30/03/2018
Algo nuestro debe morir
Viernes Santo
Is 52, 13 – 53, 12
Sal 30, 2. 6. 12-13. 15-16. 17. 25
Heb 4, 14-16; 5, 7-9
Jn 18, 1 – 19, 42
La imagen predominante en el día de hoy es la de la
cruz. Existen múltiples cruces en este mundo. En todas ellas mueren el hombre y
Dios, o así lo parece. Dios es la vida, es imposible que coexista con la
muerte. Ésta no puede amordazarlo. Visto desde fuera, el hombre crucificado es
como el siervo sufriente, una figura despojada de su apariencia humana, un
desecho ante quien todos vuelven el rostro. Sin embargo, ese siervo se refugia,
como el salmista, en su Señor, le
reconoce como su Dios y le pide salvación. Aunque tú solo veas la sangre, no
hay duda de que en su fuero interno él reconoce la presencia y el auxilio de
Dios, por eso es capaz de cargar con la culpa ajena o con la suerte que recae
sobre él.
Ciertamente, en cualquier cruz se asiste a la
trágica muerte del hombre y Dios parece callar, parece incluso morir, pero ni
calla ni muere. Está allí, acompañando el paso de quien se deja acompañar, de
quien le permite apurar con él ese trago. ¿Qué diremos pues frente a esta
visión? Dos o tres cosas: Primera, que en toda cruz siempre está presente Dios.
El gran reto es encontrarlo, pararse a escucharlo, abrirle el corazón en esos
momentos. Es verdad que, sin que nadie se ofenda, nuestras cruces parecen más
amables, más soportables. Insoportable entiendo que es la cruz presente en la crueldad de
las guerras, en los maltratos y abusos continuados, en la desesperación de las
cunetas de los caminos donde van quedando los expulsados por el sistema socioeconómico,
en las aguas de los estrechos y en los campamentos donde se van amontonando las
esperanzas, en las cárceles donde se hacina a tantas personas negándoles cualquier dignidad,
en la subsistencia de los perjudicados por la corrupción que van viendo, cada
vez, más recortadas ayudas y derechos… Se dan situaciones insoportables en este
mundo y en todas ellas está presente
Dios: la vida y el amor. Frente a la dificultad de encontrarlo en ellas, todo
cristiano está llamado a transparentarlo precisamente allí; que su presencia y
su obrar sean la presencia y el obrar de Dios: dar vida, expresar amor. Esta es
la segunda cosa que podríamos decir. La tercera: que ni Dios ni nosotros vamos
a poder suprimir la cruz de nadie, tan sólo hacernos presentes y no dejarle que
la viva en soledad. Y esto no es lo de menos.
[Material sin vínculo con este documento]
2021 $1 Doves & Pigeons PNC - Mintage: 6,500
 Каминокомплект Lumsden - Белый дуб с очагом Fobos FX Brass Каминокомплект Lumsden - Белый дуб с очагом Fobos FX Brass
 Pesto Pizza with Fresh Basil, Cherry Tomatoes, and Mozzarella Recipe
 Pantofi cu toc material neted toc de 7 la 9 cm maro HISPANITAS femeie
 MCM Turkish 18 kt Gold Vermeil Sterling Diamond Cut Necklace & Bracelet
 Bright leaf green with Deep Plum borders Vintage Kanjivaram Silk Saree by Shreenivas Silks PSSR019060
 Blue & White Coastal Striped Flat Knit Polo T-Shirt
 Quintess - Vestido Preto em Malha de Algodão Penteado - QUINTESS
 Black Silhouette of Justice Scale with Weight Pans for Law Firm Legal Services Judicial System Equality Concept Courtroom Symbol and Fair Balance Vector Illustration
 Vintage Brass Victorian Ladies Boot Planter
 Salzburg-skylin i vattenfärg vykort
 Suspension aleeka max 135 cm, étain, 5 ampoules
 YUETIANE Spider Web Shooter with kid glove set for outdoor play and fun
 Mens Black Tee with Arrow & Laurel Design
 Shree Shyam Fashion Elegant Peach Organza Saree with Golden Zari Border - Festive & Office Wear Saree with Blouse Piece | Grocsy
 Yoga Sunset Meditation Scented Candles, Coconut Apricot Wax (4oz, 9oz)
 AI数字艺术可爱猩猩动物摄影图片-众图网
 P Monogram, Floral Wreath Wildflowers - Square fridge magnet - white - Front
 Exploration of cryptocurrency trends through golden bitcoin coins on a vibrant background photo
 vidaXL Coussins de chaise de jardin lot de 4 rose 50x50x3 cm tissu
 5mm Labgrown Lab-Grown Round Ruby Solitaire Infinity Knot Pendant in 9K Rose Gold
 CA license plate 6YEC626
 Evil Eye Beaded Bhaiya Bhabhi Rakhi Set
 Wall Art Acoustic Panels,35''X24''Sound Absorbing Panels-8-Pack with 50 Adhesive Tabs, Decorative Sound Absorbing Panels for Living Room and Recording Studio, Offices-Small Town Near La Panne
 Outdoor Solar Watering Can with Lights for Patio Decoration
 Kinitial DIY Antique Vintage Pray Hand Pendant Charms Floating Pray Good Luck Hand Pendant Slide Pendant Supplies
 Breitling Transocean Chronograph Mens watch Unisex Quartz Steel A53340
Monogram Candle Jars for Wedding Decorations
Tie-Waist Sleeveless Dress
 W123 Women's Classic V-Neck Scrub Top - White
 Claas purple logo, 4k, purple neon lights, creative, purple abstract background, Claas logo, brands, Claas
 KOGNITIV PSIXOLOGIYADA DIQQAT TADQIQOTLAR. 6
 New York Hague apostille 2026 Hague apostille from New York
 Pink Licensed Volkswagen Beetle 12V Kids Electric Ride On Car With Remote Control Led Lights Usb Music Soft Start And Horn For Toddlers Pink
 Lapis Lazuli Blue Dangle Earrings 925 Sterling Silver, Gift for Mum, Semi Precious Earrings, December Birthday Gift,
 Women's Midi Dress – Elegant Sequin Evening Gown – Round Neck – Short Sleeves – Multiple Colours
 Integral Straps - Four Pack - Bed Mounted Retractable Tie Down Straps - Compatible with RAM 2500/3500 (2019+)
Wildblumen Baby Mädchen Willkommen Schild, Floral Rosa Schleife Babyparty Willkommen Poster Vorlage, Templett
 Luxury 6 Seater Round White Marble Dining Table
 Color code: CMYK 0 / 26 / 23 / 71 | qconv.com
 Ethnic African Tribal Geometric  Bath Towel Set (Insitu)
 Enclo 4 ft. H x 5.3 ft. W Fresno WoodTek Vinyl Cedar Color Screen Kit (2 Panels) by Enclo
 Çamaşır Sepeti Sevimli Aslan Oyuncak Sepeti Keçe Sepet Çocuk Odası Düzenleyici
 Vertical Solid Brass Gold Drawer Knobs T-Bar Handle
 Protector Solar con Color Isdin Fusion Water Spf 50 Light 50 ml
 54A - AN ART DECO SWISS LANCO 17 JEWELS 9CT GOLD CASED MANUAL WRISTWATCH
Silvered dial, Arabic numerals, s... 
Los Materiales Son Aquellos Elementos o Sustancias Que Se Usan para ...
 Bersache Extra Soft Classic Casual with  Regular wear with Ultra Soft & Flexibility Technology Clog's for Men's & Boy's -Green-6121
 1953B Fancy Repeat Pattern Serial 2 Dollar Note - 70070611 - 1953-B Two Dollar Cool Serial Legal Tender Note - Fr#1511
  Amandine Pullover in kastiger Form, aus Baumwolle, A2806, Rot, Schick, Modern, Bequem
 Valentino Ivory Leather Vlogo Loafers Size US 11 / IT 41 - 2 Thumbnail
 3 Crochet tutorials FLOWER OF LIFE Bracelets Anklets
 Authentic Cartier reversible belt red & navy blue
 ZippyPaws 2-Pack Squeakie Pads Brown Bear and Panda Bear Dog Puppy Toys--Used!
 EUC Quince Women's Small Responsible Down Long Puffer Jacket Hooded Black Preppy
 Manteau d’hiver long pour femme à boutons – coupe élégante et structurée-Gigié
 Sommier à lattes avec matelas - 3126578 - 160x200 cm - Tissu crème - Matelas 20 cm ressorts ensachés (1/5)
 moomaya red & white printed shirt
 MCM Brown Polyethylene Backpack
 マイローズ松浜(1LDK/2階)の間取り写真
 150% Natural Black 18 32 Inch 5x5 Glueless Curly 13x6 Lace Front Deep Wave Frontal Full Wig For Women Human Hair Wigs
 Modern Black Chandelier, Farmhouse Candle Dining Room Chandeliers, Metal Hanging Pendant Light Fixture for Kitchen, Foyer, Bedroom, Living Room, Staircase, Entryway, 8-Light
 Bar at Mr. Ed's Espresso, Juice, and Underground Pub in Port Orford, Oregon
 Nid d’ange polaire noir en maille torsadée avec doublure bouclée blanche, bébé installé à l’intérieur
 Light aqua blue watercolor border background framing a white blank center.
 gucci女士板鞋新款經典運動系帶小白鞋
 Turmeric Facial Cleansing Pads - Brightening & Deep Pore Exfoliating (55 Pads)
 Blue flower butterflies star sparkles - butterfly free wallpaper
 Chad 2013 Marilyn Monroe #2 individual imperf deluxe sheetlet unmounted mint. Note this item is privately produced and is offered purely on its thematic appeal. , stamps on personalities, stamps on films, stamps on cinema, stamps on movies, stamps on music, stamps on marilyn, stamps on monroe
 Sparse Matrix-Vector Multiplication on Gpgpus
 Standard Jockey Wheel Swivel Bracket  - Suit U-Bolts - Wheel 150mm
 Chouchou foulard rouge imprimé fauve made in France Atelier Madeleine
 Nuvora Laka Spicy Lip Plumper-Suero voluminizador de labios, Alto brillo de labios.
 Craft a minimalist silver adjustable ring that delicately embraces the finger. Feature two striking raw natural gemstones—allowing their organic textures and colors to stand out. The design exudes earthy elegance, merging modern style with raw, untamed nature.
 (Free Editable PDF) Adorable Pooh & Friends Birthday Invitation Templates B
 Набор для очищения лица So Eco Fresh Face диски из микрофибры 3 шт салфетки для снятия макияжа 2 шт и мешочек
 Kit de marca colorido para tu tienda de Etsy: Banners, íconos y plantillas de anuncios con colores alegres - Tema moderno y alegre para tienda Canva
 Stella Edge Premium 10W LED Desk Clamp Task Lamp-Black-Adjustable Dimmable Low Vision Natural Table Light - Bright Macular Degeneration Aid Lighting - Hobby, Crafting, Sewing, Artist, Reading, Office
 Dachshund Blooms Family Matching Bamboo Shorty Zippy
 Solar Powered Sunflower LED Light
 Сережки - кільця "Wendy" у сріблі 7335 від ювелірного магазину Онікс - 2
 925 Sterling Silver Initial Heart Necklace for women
Metafóricamente, aceptar la cruz es reconocer la
necesidad de morir a una cierta forma de vida para adentrarse en otra muy
distinta. En la vida real, las cruces matan de verdad, siempre injustamente y a
traición, pero también es, o pienso yo que habrá de ser posible, encontrar allí
un rasgo estéril al que renunciar. Es preciso rebelarse contra la deshumanización
que continúa tallando cruces pero es preciso también descubrir que en nuestra
forma de enfrentarnos a ella algo nuestro debe morir también para que pueda
resurgir y enfrentarse eficazmente contra esa degeneración. La diferencia entre
la cruz y la tragedia está en no ser capaces de aprender nada, en no dejar que
Dios te transforme. La tragedia del mundo es no hallar quien sepa transformar tanta
desgracia sin recurrir a los medios que todos ya conocen. Nuestra muerte,
metafórica o no, puede ser inhumación de una pequeña semilla del Reino.